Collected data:
Content starts

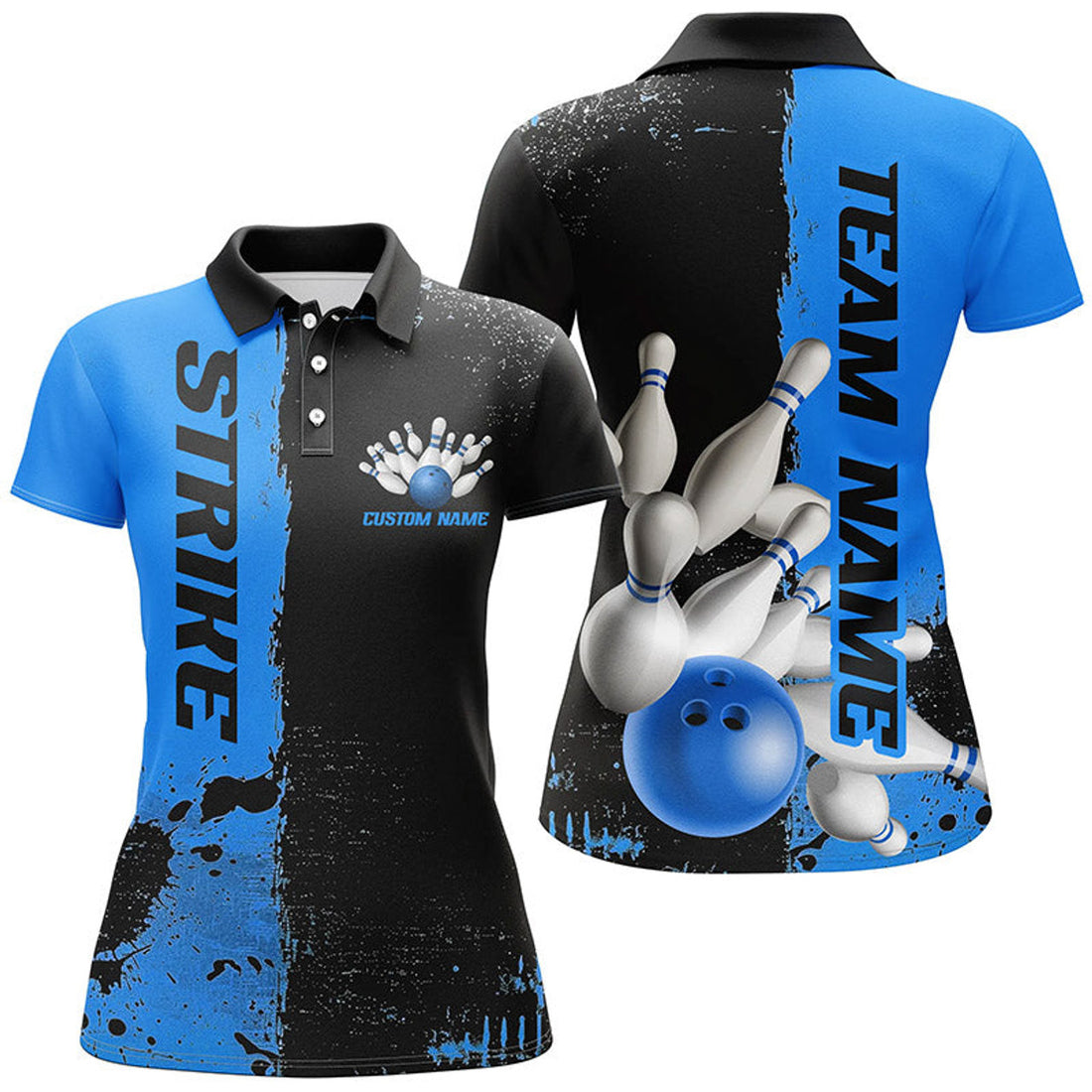 Custom Black And Blue Strike Bowling Team Shirts For Women, Custom Bowling Jerseys For Bowlers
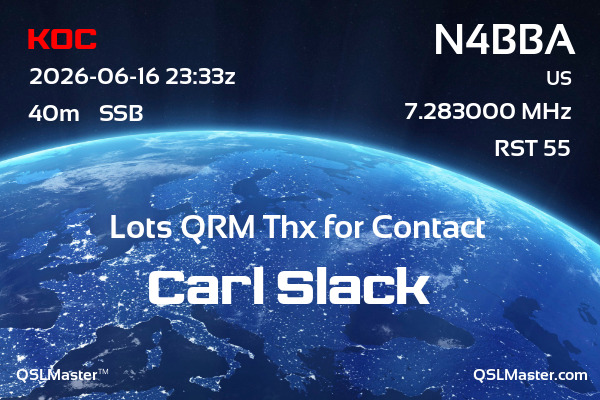 QSL Master Card for N4BBA QSO with K0C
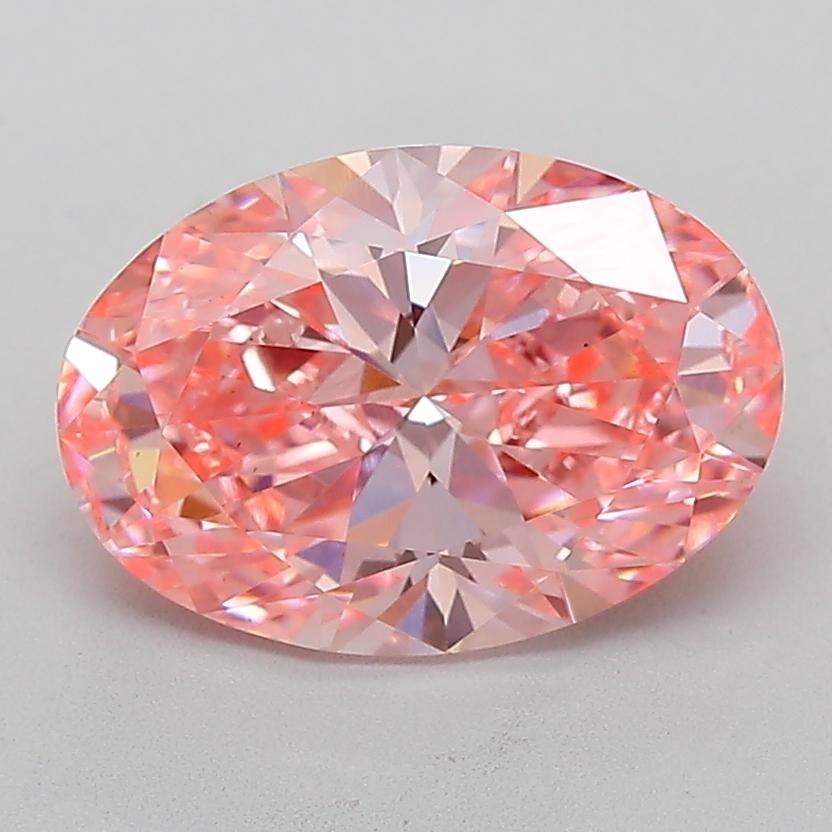 3.09 Ct. Fancy Vivid  Pink Oval Lab Grown Diamond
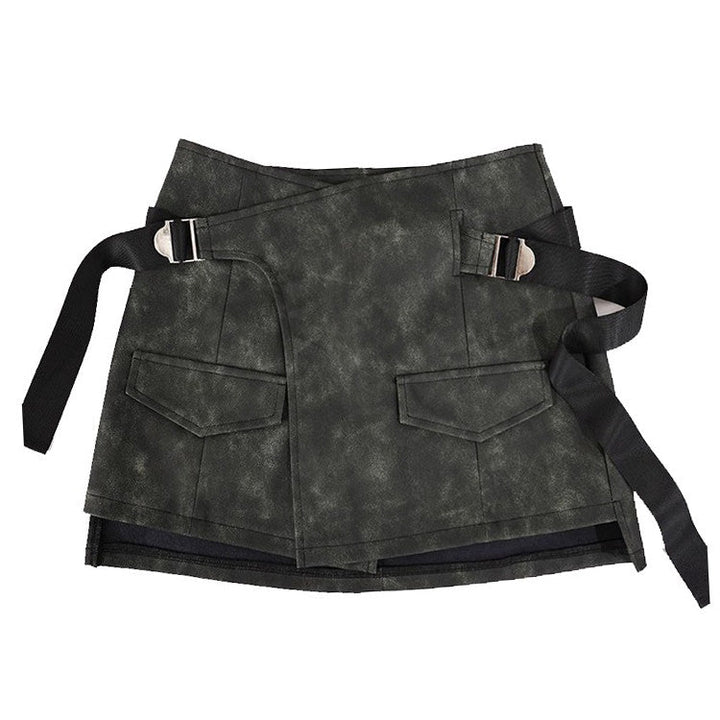 Grunge Aesthetic Safety Belt Wrap Skirt - Vedlit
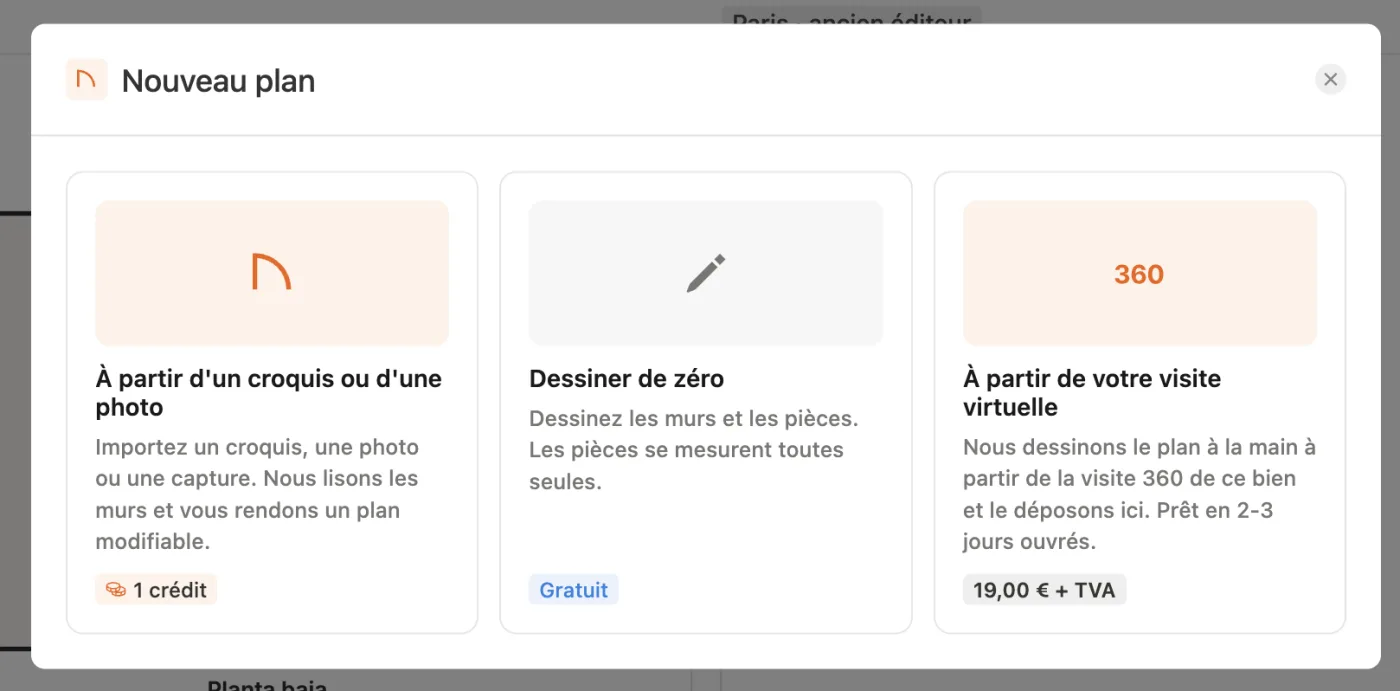 L'écran Nouveau plan de Pedra avec les trois options : À partir d'un croquis ou d'une photo, Dessiner de zéro et À partir de votre visite virtuelle à 19,00 € + TVA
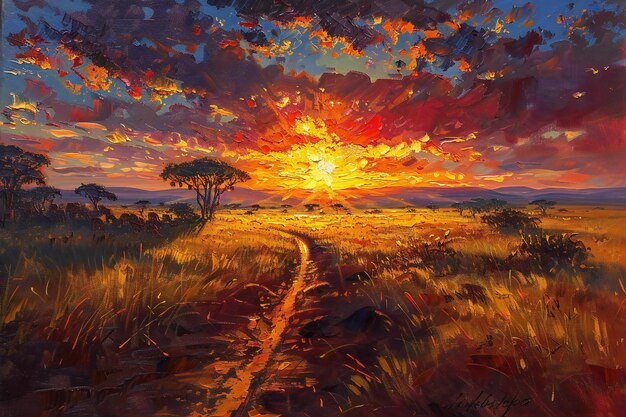 Una impresionante puesta de sol sobre la sabana africana proyectando largas sombras y pintando el cielo en colores vibrantes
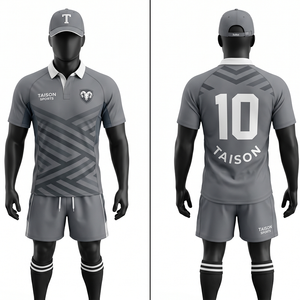 Uniforme de rugby personnalisé en polyester interlock 280 GSM, design à panneaux rayés vert lime et bleu marine, impression par sublimation, logo. - Product Image 6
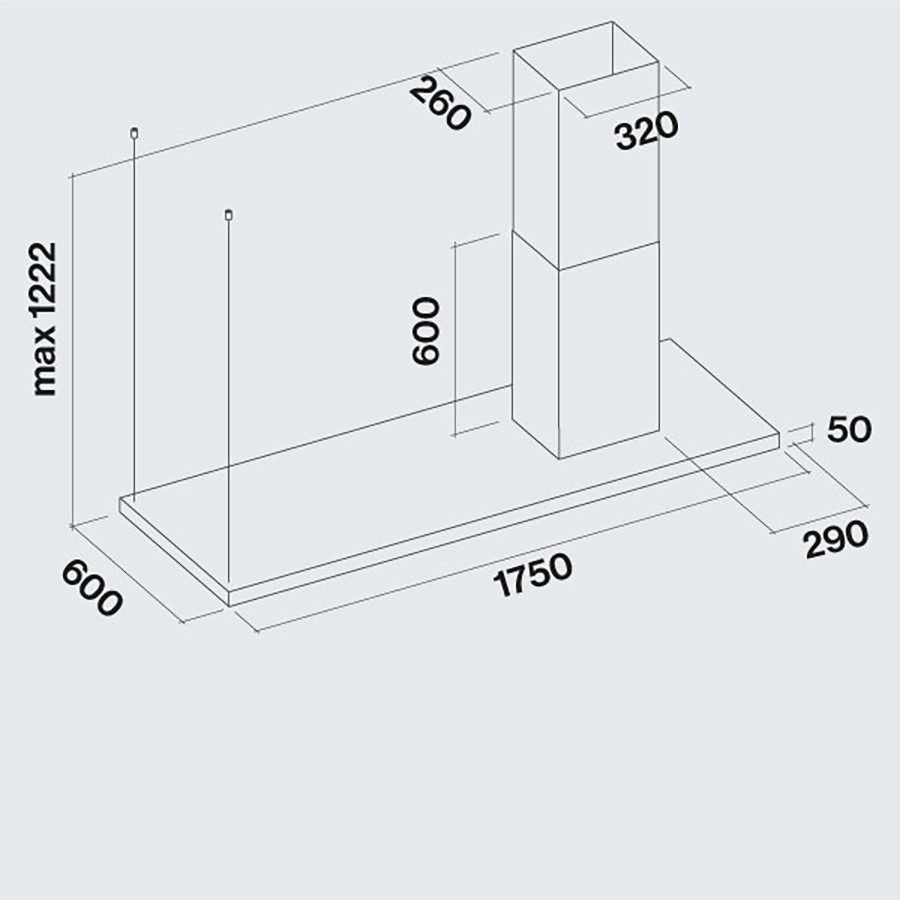 additioanl image for  Falmec Hood Island Lumen S/Steel 175 cm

Content ends

What is needed is an exact repeat of the lines from the one containing "L'écran Nouveau plan" through the last line of the records above, both included, with pictures left out.

TASK OUTPUT:
 L'écran Nouveau plan de Pedra avec les trois options : À partir d'un croquis ou d'une photo, Dessiner de zéro et À partir de votre visite virtuelle à 19,00 € + TVA
 Una impresionante puesta de sol sobre la sabana africana proyectando largas sombras y pintando el cielo en colores vibrantes
 Uniforme de rugby personnalisé en polyester interlock 280 GSM, design à panneaux rayés vert lime et bleu marine, impression par sublimation, logo. - Product Image 6
 additioanl image for  Falmec Hood Island Lumen S/Steel 175 cm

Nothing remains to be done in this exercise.